Homicide detective Ralph Anderson (Ben Mendelsohn), a man still dealing with the loss of his own son, channels his sorrow into a drive to arrest and charge Maitland, obliterating his reputation in the process.

But this supposedly open-and-shut case hits a snag when Maitland passionately contends he's innocent, and his family's counsel Howie Salomon (Bill Camp) produces footage showing him attending a literary conference in another city and in a room filled with people.

How, then, can a man be in two places at once? As soon as "The Outsider" poses this question even fly-by King aficionados who haven't read the 2018 novel will make a few guesses. While King's recent stories don't always involve monsters or sinister forces, they still draw from a well whose refreshment has a familiar flavor to it.

The journey bringing the narrative protagonists face to face with malevolence at the heart of "The Outsider" is not entirely predictable.  Once we head down that road, however, its writers and directors massage the tale's foreboding evenly and with skill, although it takes about three episodes to get it moving. This may clash with those previously mentioned expectations.

Varied as King's oeuvre has become over the years, he's still known for stories built for thrills, comfort, and speed all at once.

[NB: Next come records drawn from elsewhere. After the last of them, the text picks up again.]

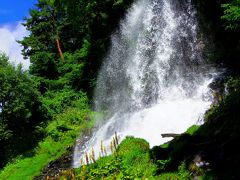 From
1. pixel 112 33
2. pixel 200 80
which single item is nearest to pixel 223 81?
pixel 200 80

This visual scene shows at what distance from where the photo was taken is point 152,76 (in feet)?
88.3

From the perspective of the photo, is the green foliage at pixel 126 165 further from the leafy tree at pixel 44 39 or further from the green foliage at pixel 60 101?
the leafy tree at pixel 44 39

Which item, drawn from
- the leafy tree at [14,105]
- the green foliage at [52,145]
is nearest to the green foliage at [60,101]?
the leafy tree at [14,105]

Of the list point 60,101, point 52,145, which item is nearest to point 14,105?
point 52,145

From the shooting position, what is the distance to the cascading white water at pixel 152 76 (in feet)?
65.0

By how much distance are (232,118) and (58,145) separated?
18155 millimetres

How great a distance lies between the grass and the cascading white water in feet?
4.81

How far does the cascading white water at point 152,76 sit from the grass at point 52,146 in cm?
147

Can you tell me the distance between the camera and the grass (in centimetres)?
2442

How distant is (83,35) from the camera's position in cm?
4350

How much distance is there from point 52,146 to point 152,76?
8462 millimetres

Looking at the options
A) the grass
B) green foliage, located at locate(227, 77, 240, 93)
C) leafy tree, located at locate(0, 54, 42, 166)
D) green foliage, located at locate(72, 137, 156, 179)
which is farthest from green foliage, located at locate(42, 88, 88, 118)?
green foliage, located at locate(72, 137, 156, 179)

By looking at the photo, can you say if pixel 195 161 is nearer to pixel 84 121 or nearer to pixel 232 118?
pixel 232 118

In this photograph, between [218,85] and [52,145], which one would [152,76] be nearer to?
[218,85] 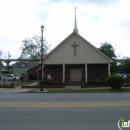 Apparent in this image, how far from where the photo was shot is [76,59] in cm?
3416

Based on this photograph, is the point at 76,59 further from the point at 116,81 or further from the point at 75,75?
the point at 116,81

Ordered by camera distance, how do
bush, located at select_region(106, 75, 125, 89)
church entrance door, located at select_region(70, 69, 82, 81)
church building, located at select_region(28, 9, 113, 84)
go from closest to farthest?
1. bush, located at select_region(106, 75, 125, 89)
2. church building, located at select_region(28, 9, 113, 84)
3. church entrance door, located at select_region(70, 69, 82, 81)

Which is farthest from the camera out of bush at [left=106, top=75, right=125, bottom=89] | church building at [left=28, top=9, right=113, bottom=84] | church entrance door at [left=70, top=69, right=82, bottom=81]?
church entrance door at [left=70, top=69, right=82, bottom=81]

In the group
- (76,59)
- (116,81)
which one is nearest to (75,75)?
(76,59)

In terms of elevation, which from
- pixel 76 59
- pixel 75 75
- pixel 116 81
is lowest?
pixel 116 81

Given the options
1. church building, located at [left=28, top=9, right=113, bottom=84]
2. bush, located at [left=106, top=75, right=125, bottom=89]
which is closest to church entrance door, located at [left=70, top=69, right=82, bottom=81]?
church building, located at [left=28, top=9, right=113, bottom=84]

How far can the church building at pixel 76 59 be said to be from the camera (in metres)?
34.1

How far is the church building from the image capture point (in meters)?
34.1

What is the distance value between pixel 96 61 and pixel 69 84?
5273mm

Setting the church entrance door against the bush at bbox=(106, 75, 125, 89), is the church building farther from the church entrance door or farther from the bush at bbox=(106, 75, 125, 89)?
the bush at bbox=(106, 75, 125, 89)

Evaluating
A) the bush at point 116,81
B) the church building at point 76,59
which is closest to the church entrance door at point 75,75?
the church building at point 76,59

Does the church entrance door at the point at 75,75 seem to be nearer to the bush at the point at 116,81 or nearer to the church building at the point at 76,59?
the church building at the point at 76,59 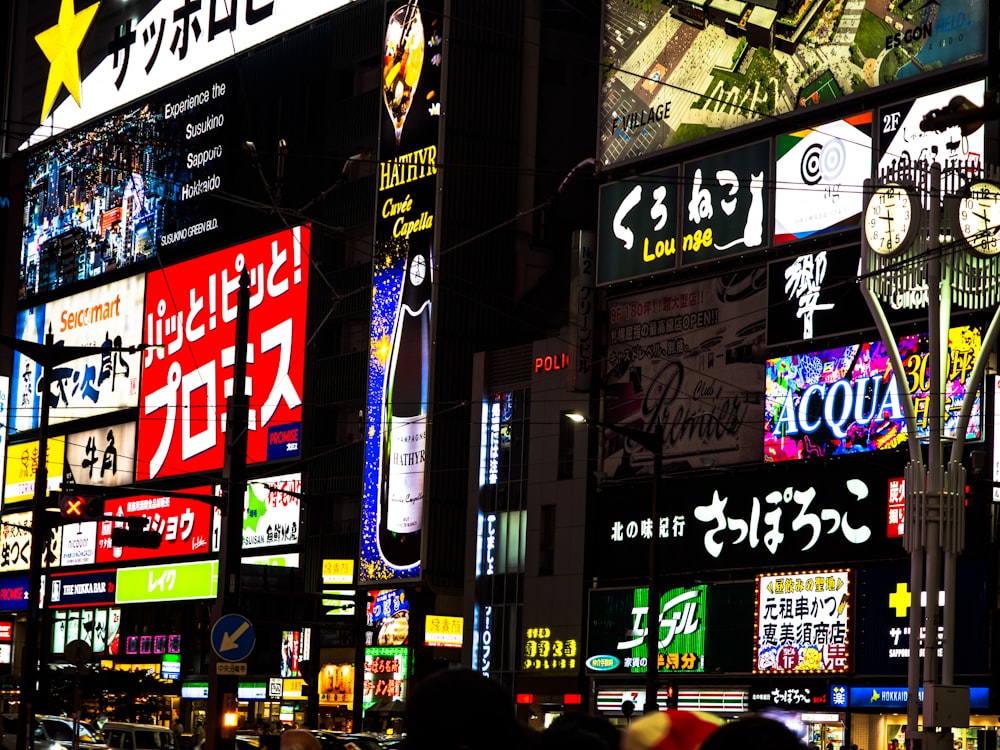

Some of his plots move more slowly than others, but each has a little bit of Plymouth Fury lurking within.  He also has a way of gassing up that energy until the engine rumbles with a purring disquietude that warms up to a roar before lurching forth on a tread of unstoppable fright.

This remains true even as King has expanded his trademark horror into the crime story arena, a territory screenwriter and novelist Richard Price plays in. Price, though, is a steady, methodical storyteller associated with slow-burn narratives such as "The Wire," "The Night Of," and "The Deuce."

Between that and Bateman's directorial gloom coloring the first two episodes of "The Outsider" – the Emmy winner for "Ozark" is an executive producer of the series who directs the first two hours – the viewer experiences two types of energy that aren't a close fit initially.

Fortunately King's stories live and breathe through his characters, their interior drives and quirks, which is where Cynthia Erivo's Holly Gibney enters and almost singlehandedly picks up the inertia holding back "The Outsider" and kicks it loose.

Holly is a recurring character in King's recent universe, appearing in this novel and his Bill Hodges trilogy (seen in another TV series, "Mr. Mercedes"), and Erivo's interpretation is understated, her manner of speaking clipped. She channels Holly's supercomputer-level of mental processing and obsessive-compulsion into a muted, slightly quivering carriage and communication method that is unerring, precise, and can be interpreted as chilly.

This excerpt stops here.